From the line containing "718 Porsche 2019.11-INNER-007" down to the last line of the records below, copy every line exactly. Leave out everything before it.
─── Data supplied ───
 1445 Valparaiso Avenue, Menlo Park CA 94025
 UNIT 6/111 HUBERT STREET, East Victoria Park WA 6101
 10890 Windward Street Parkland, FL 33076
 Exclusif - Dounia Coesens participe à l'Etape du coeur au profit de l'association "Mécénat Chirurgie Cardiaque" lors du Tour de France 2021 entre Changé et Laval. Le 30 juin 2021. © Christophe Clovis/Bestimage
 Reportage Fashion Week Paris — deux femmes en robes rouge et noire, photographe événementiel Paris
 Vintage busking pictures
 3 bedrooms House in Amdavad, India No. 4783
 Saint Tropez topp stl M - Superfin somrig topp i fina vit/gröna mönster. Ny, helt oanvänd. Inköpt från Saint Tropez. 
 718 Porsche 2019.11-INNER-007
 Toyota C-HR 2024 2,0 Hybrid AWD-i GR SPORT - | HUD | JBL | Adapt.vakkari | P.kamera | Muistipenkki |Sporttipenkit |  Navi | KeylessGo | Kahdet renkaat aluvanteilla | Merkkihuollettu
───
Task solution:
 718 Porsche 2019.11-INNER-007
 Toyota C-HR 2024 2,0 Hybrid AWD-i GR SPORT - | HUD | JBL | Adapt.vakkari | P.kamera | Muistipenkki |Sporttipenkit |  Navi | KeylessGo | Kahdet renkaat aluvanteilla | Merkkihuollettu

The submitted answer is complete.